En deuxième partie de saison, le curseur se portera clairement sur le Tour de France, objectif majeur de l’équipe. Dans cette perspective, que pensez-vous pouvoir apporter à Romain Bardet ?

photo: Julien Crosnier / AG2R

Je pense qu’en 2018, le parcours est vraiment bien pour l’équipe. Et je pense pouvoir apporter ma pierre à l’édifice, surtout dans une première semaine nerveuse comme je les aime, avec des arrivées en bosse, des pavés ou des bordures. Je pense que c’est sur ce point-là que je peux aider Romain. Dans la haute montagne, je pense qu’il aura meilleur que moi pour l’accompagner en dernier recours. Mais un rôle à la Kwiatkowski chez Sky, à savoir complet, présent sur trois semaines, en plus de l’expérience que j’ai de mes années passées et des mes connaissances sur les tactiques d’autres équipes, c’est quelque chose qui pourrait me convenir. L’an passé, j’ai quasiment fait top-20 du Tour sans vraiment le viser. Je pense aussi qu’en grande forme, je suis capable de m’accrocher avec les meilleurs pendant un moment. Préparé pour ça, avec l’optique d’aider Romain, je pourrai tenir plus longtemps.

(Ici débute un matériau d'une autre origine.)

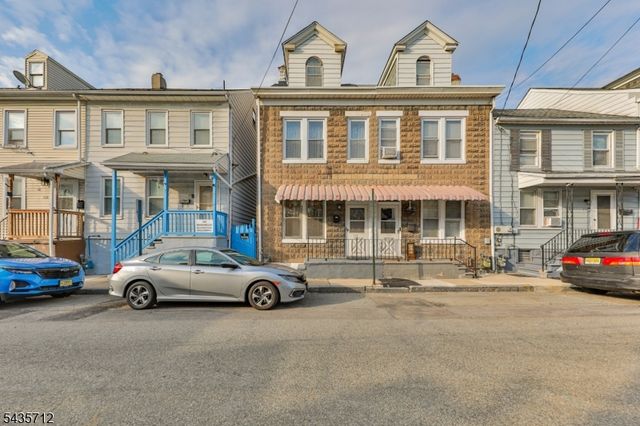 135 Mercer St, Phillipsburg Town, NJ 08865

Y avait-il déjà des affinités entre Romain et vous avant que vous ne rejoignez l’équipe ?

Tout à fait. On se connaît quand même depuis plusieurs années, on s’est parfois affronté directement, en tant que concurrents. On a une bonne relation, on a couru un championnat du monde ensemble. Avant même que je signe, je l’avais consulté, je lui avais demandé son avis, questionné sur la manière dont ça fonctionnait dans l’équipe.

Aider un Français à gagner le Tour, c’est quelque chose qui vous motive ?

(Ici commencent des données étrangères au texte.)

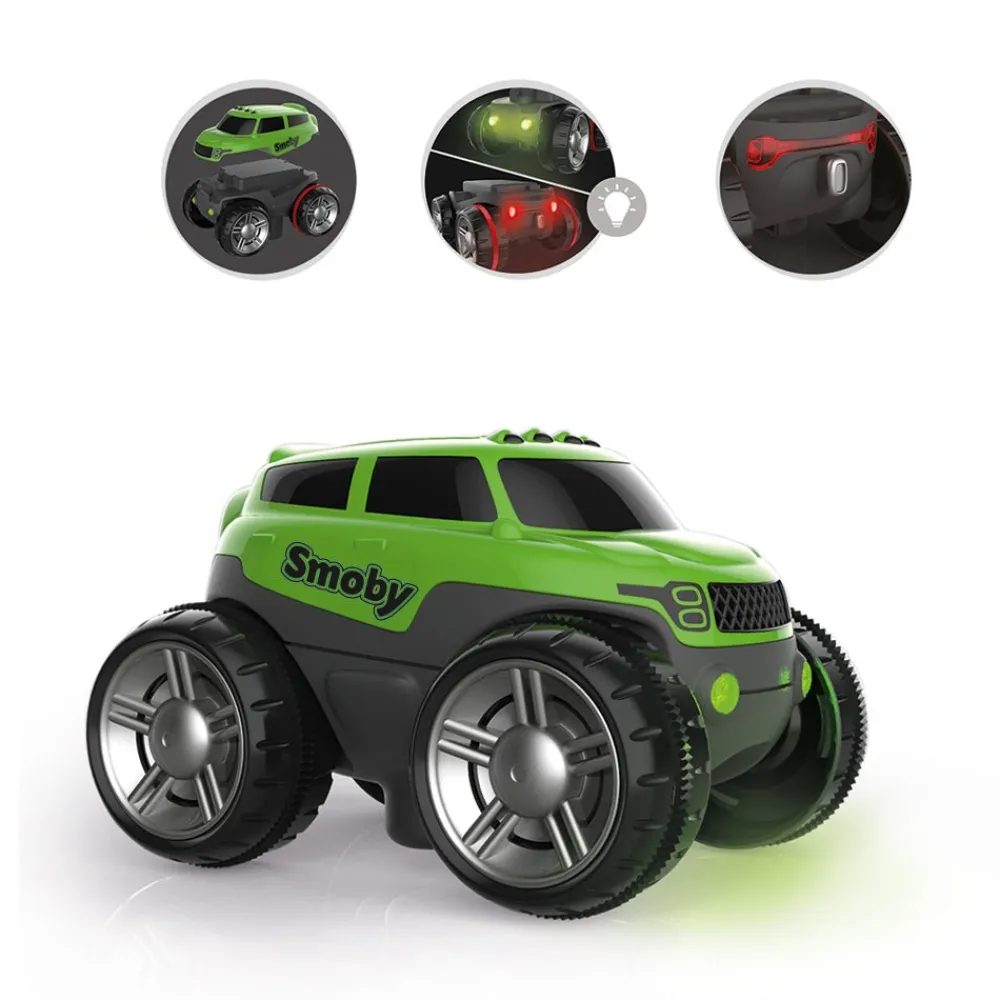 Simba - Dickie HK Ltd Flextreme Discovery Set Sale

Bien sûr. C’est même l’une des raisons pour lesquelles j’ai signé ici : pouvoir participer à ça, être dans un groupe qui peut gagner le Tour avec Romain. J’ai envie d’en être. Cela fait des années qu’un Français n’a pas gagné le Tour. Ce matin, on est passé sur les Champs Elysées en voiture avec Marion [Rousse, sa compagne], et je lui ai dit : « Peut-être que la prochaine fois que je passerai ici, ce sera en tête du peloton, au premier passage sur les Champs ». Être sur la photo qui entoure le maillot jaune du Tour, ça fait rêver, clairement.

Allez-vous avoir l’occasion de courir avec Romain avant le Tour de France ?

photo: Vincent Curutchet / AG2R

Oui, je pense qu’on va faire une partie de la préparation ensemble, avec notamment l’entraînement, le Critérium du Dauphiné puis la période entre le Dauphiné et le Tour. Je pense que c’est surtout dans cette approche du Tour que l’on va passer « quelques jours » ensemble…

Qu’imaginez-vous ensuite pour la fin de la saison ?

C’est encore loin. On a beaucoup d’idées, et on a évoqué celle de faire le Tour d’Espagne. Je n’ai jamais fait deux Grands Tours dans l’année. Peut-être que cela se fera dans ma onzième saison. Mais cela reste à décider. Un Grand Tour, j’aime le faire parce que c’est le Tour, mais c’est quand même très difficile, on passe par des moments très compliqués, alors en enchainer deux, je ne sais pas encore. En tous les cas, un championnat du monde, ça reste un championnat du monde et j’ai vraiment envie d’en faire partie. J’ai aussi la chance d’être à l’aise sur n’importe quel parcours. Il est vrai que celui concocté cette année est assez exceptionnel et je ne vais pas y aller avec la prétention d’être leader ou l’ambition d’être champion du monde. Mais avec Romain ainsi que Thibaut et Warren, avec qui j’ai aussi de très bonnes relations, j’ai envie d’être dans cette équipe de France. J’ai toujours respecté ce maillot depuis les jeunes catégories et j’espère pouvoir l’honorer une nouvelle fois.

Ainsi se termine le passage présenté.